If you are a driving enthusiast and have a nice set of four wheels, how does a few days of pure driving pleasure sound? There can be only one answer – HEAVENLY!
Last week I got a nice opportunity for such a drive across the Great Indian Thar Desert in a convoy. Driving cross country in a convoy gives you a safety net in case you get struck and also offers further enjoyment as you observe other getting struck or struggle with difficult terrain. I was lucky to be part of the Petronas Expedition 2007 while it cut across a wide swath of Rajasthan desert from Jaipur to Khimser to Jaisalmer to Bikaner and finally ending in New Delhi. For most part the drive was on excellent road network that joins various town of Rajasthan and being tourist oriented state the roads are kept in superbly good condition.
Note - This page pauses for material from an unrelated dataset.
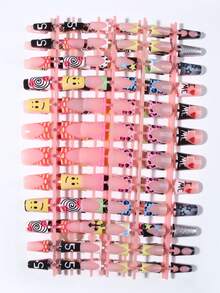 240pcs (10 Mixed Designs) Y2K Long Almond-Shaped Pastel Nail Stickers, Star, Heart, Stripe, Leopard, Silver Glitter Patterns, French Press-On Acrylic Fake Nails Set, Duck Mouth French Manicure For Summer, Suitable For Women And Girls DIY Daily, Festival, Party - Multicolor - View 4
However icing on the cake were the few off-road sections that were set as challenge to the expedition. First of these was the Sambhar Lake bed situated about 120 kilometres from Jaipur. Normally a flat salt pan that remains dry most of the time and even when water flows in it is absorbed very fast. However the “lake” turn to quagmire with little bit of rain and here we were attempting a crossing in middle of Indian monsoon season.
The first section was of eight kilometres length and straight as an arrows flight. With all the horsepower on command in an cross country four wheel drive vehicle, and on specially fitted off-road tyres, the drivers were still left jittery. Justifiably so since as soon as the vehicles hit the lake bed they were slithering and sliding any which way. Covering no more than two kilometres seven of the twenty four cars got struck in mud and the whole convoy stood back till strategy to extricate these was worked out.
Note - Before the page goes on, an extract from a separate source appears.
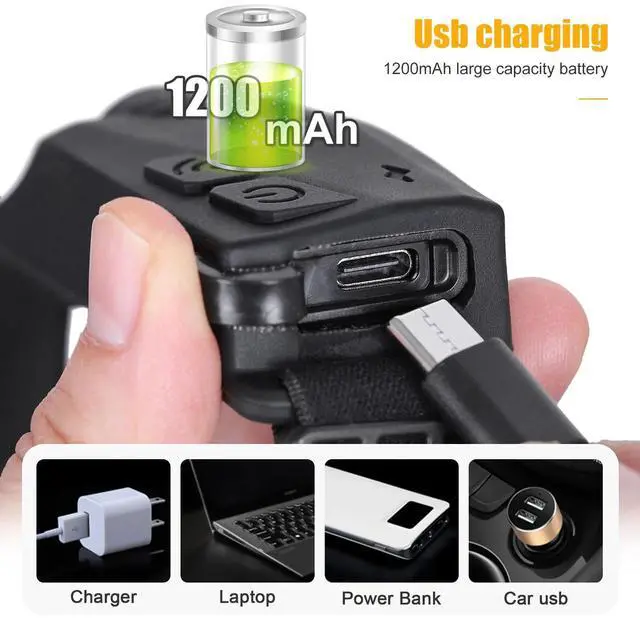 Alt view image 6 of 7 - 2X Waterproof COB Headlamp Night Buddy LED Sensor 230° Head Torch Headlight Lamp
The first eight kilometres took three hours to get through. Once the vehicles were free of the mud it was pure thrill driving over a flat pan with speedo needle going beyond 120kmph! It looks all too easy till you hit a bump or series of undulation which give you a scare considering the velocity. Midway through the lake bed there is a ancient temple dedicated to “Shakhambari Mata” and is a pilgrimage point for local people. This provided and ideal rest point and allowed for a quick check on the vehicles. The picture shows a driver looking disgustedly at all the mud that covered his vehicle, even the roof.
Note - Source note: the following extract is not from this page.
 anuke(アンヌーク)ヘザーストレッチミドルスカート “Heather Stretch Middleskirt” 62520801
The second portion of lake bed was equally interesting and gave quite a few of thrills. After the lake bed the track climbed a rocky hill with a steep incline and through a narrow defile, dubbed the “Dead Camel pass” in honour of a dead camel carcass rotting away here giving a horrible stench forcing every one to hold their breaths till turning blue in the face! Getting to a sandy river bed beyond the pass the power of four wheel drive shone through as all the vehicles made short work of this to hit the highway on the other side. All drivers heaved a sigh of satisfied relief on reaching the tarmac ribbon that was to take us to Khimser Fort, a heritage hotel, for a night five star luxury. Swapping stories of the day while reviewing pictures and raising cheers of drinks made all forget the body aches.
Starting after breakfast next day for a nice drive on NHAI built toll road lead us to Deechu from where we had planned a long cross country section of more than 120 kilometres leading to fabled city of Jaisalmer. Off road drive through sand dunes and barren rock surfaces meant a slow drive. There were two smaller salt pans to be crossed and these were also slushy. While no one got struck it was still a thrilling experience with wheels sinking in more than one third in to the soft surface.
Lunch was had on the run in middle of nowhere and comprised of tinned food and bread with company of a herd of sheep as is seen in the picture above. A big thrill of the day was to see a large herd of “Chinkara” gracefully running across the endless sand.Sam, about 50 kilometres beyond Jaisalmer, was the location of night halt. Here we were to camp out in open under the sky. The location of camp was next to the sand dunes and as soon as the sun went down the horizon the cool breeze sprung up which continued through the night. In fact it became positively chilly towards the morning.
Starry sky was a sight to behold and it left me wondering why we do not see such beautiful sight in Delhi. A fireside dinner was followed by a interesting vistor – a desert viper! After the excitement had died down every one fell asleep and one could hear melody of snores. Morning “functions” were all done in the open while keeping a sharp lookout for the cousins of the visitor from previous night!An obligatory visit to the Jaisalmer fort in the morning followed by a lovely drive on the national highway to Bikaner did not stress any one. Arriving well in time at Gajner Hunting Lodge every one spent time boating across the lake till lovely sun set. That night’s catch up of
shared experiences of last three days over dinner and drinks had a sense of urgency as this was the last night out and we were headed towards Delhi in the morning. Outdoor dinner by lakeside was accompanied by dance and music by local performers which drew loud appreciation from everyone.